Critical massive haemoptysis red flags

  • Airway compromise → asphyxiation is the cause of death. Protect airway first.[1]
  • Bilateral flooding (bleeding side not positioned down) → loss of gas exchange.[5]
  • Aspergilloma (mycetoma) — classic cause of massive haemoptysis, BAE then surgery.[2]
  • Coagulopathy — correct before/with definitive treatment.[5]
  • Re-bleeding after BAE (10-30%) — repeat BAE or surgery.[3]
  • Rasmussen aneurysm — pulmonary artery source in TB cavity (exception to "90% bronchial").[1]
  • Pulmonary artery catheter-induced bleed — catastrophic iatrogenic; isolate lung, PA embolisation.[1]
  • Diffuse alveolar haemorrhage with renal failure — anti-GBM/GPA; needs immunosuppression ± plasma exchange, NOT BAE.[6]
  • Spinal artery risk during BAE — anterior spinal ischaemia → flaccid paraplegia; superselective catheterisation mandatory.[7]
  • Massive ongoing bleed with no IR/theatre access — isolated intubation of the good lung + transfer to a centre with BAE capability.[5]
  • HHT with pulmonary AVM — embolise AVMs (coils); screen family; beware paradoxical embolus.[6]
  • Haemodynamic instability despite isolation — exsanguinating rare cause; activate massive transfusion protocol concurrently.[1]

Prognosis

Outcomes of massive haemoptysis (Ittrich 2017, Dtsch Arztebl Int; CIRSE BAE 2022)

Systematic review of massive haemoptysis management:

  • Mortality: 7-30% (higher with delayed treatment, cancer, coagulopathy)
  • BAE immediate success: 70-90% (haemostasis achieved)
  • BAE recurrence (re-bleeding): 10-30% within 1 year
  • Surgery mortality (emergency): 20-40%
  • Surgery mortality (elective): 5-10% [1]

Causes of death: asphyxiation (80%), exsanguination (10%), complications of treatment (10%). Predictors of mortality: cancer, coagulopathy, massive amount (>1000 mL), bilateral bleeding, delayed intervention.

[1]

Bronchial artery embolisation — efficacy and recurrence (CIRSE Standards, 2022)

Pooled data across major series:

  • Immediate technical success: 83-96% (superselective technique)
  • Clinical success (haemostasis ≥ 30 days): 70-90%
  • Recurrence: 10-30% at 1 year; up to 45% at long-term follow-up
  • Highest recurrence: aspergilloma, active TB, bronchopulmonary shunt, incomplete embolisation
  • Major complications: spinal ischaemia (0.5-1%), oesophageal/bronchial necrosis (rare), pulmonary infarction
  • Repeat BAE: effective; multiple sessions often required in mycetoma
  • BAE vs surgery (elective): comparable long-term control; BAE less invasive and preferred unless localised surgically resectable lesion [1]

Take-home: BAE is first-line; surgery reserved for BAE failure or localised resectable cause. Anticipate recurrence — follow up and offer elective definitive therapy.

[1]

Bronchoscopic tamponade for life-threatening haemoptysis (Valipour et al, Chest 2005)

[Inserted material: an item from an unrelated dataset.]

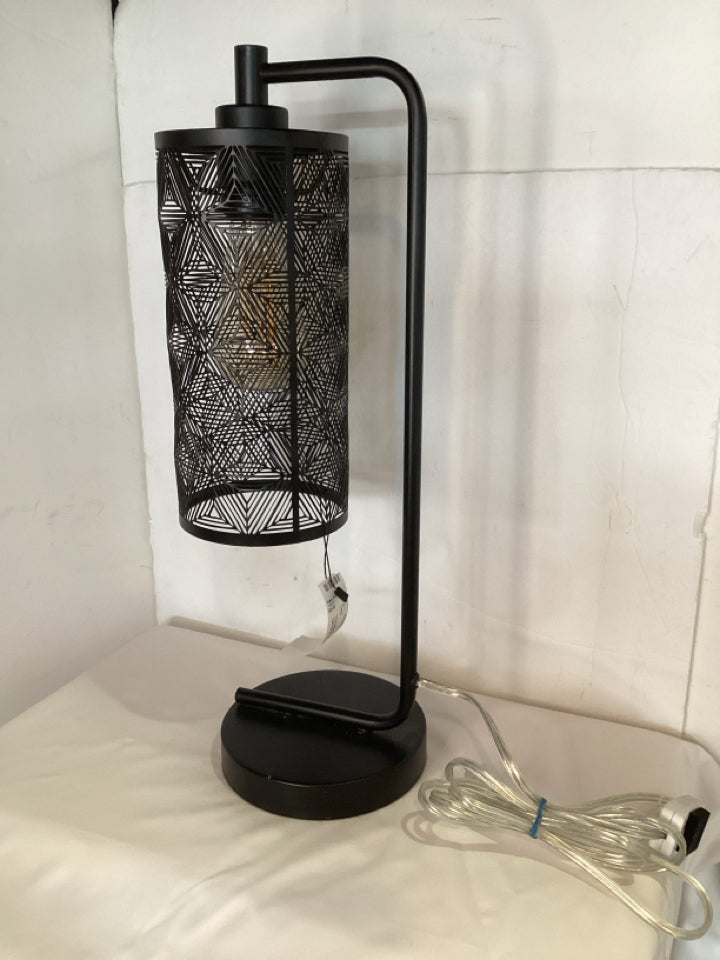 Black Metal Lamp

Case series of bronchoscopy-guided topical haemostatic tamponade:

  • Technique: cellulose mesh / fibrin glue via catheter wedged in bleeding bronchus under bronchoscopic vision
  • Initial control: achieved in most patients where source could be reached
  • Bridge to definitive therapy: bought time for BAE or surgery
  • Limitation: requires localisable, reachable bleeding source; not effective for diffuse DAH [1]

Take-home: bronchoscopic tamponade is a temporising bridge, not definitive therapy; combine with rapid referral to interventional radiology or theatre.

[1]

Nebulised tranexamic acid for haemoptysis (Ye et al, Lung 2025 — integrative review)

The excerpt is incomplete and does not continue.